If you want fandom to be welcoming to minorities, we need a culture of listening to them. If we want fandom to be inclusive, we need minorities to think they can be heard and their concerns - their personhoods - be respected and valued. If you want fandom to be a sanctuary, it needs to be a place that will not constantly repeat the same offenses that the rest of the world does. Too often people feel like not pointing to a problem or not talking about a problem will make it go away. They will happily declare that bigotry isn’t a problem in their fandom - and then wonder, in honest “bless-your-heart” confusion WHY there just happens to be no LGBT people or POC in their fandom? Why, what a surprising coincidence that no-one could possibly explain… right?

It’s another choice to make - you can either discuss issues even when they’re uncomfortable, confront them, deal with them criticise them and acknowledge them and therefore work to address and improve them. Or you can ignore them, silence them and hope it goes away.

One of the most important things fandom needs to do if they do want to be inclusive is not just fight the bigots and not just listen to criticism of the prejudice - but we also have to CELEBRATE diversity. We have to recognise this genre has been so erased for so long that turning the tide is a good thing. It’s something that should bring all of us joy, seeing our stories widen, our genre gaining new material and insight, everything becoming wider and deeper for EVERYONE as well as, again, reinforcing that this is a space for marginalised people as well. We should all celebrate our genres getting larger, having greater potential and ever more and diverse stories. We should celebrate our genres growing, not scream and shout and try to prune them back to just the same narrow parameters we’ve decided are acceptable. The larger the fandom celebrating any one show, book, or movie means that producers become aware that there is a large market and therefore encourages them to continue to produce the content we all want to see.

Yet time and again we see diversity being seen as a terrible scourge, a terrible imposition that somehow afflicts privileged people.Too often we see anything less than complete cishet, white, male able bodied dominance as some kind of threat - like not being dominant in all things robs them of something. At the most extreme we see active exclusion of minorities, literally allowing nothing but privileged dominance.
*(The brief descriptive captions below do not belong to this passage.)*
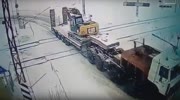 Freight Train Hits Truck Carrying Excavator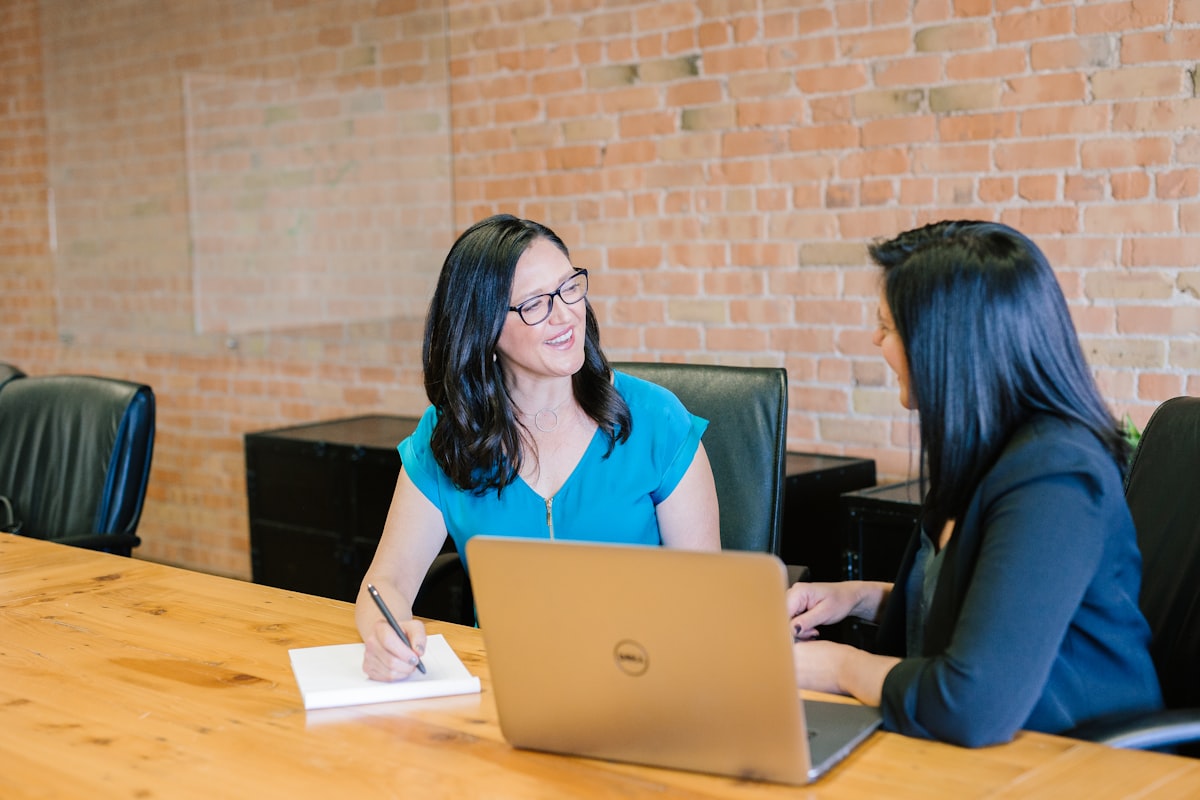 Executive briefing session between a communications advisor and a company spokesperson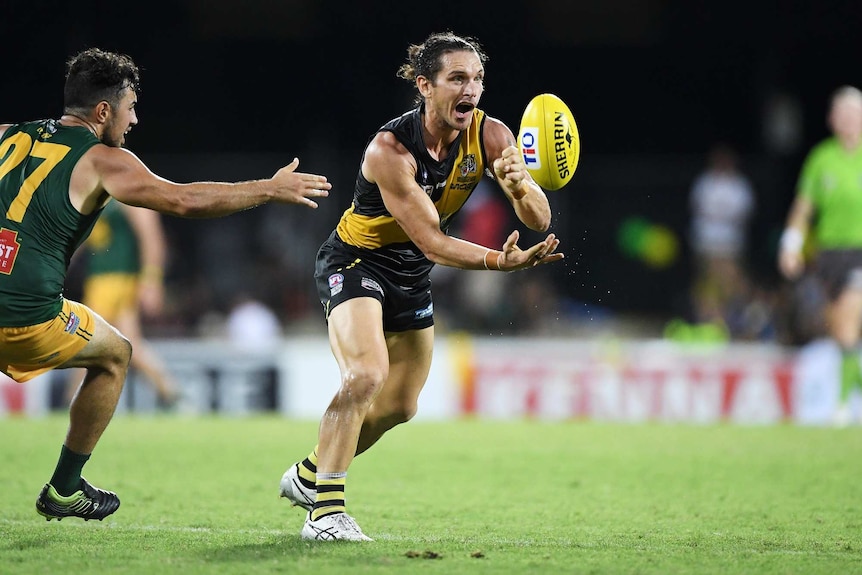 Cam Ilett handpasses during the 2019-20 grand final between Nightcliff and St Mary's.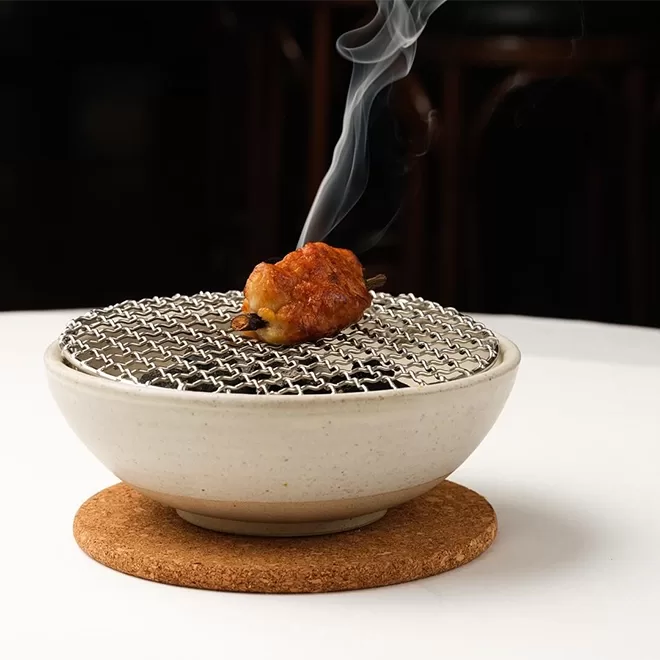 A single grilled food item on a skewer sits atop a small portable wire grill over a ceramic bowl. Smoke rises from the food, which is resting on a cork mat on a white table. The background is dark and out of focus. Served at The Clove Club, Shoreditch.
But more often we see hand wringing laments that there’s no REASON for minorities here (unlike the privileged who need no justification for existence) or that it is too much, going too far despite minorities still holding only a tiny fraction of major roles in ANY genre

We need our fandom to be inclusive, it should be welcoming, we should all have a place here. But, sadly this is not currently the case - and it is going to take a real and meaningful cultural shift from all of us to make it so and allow fandom to truly realise its potential.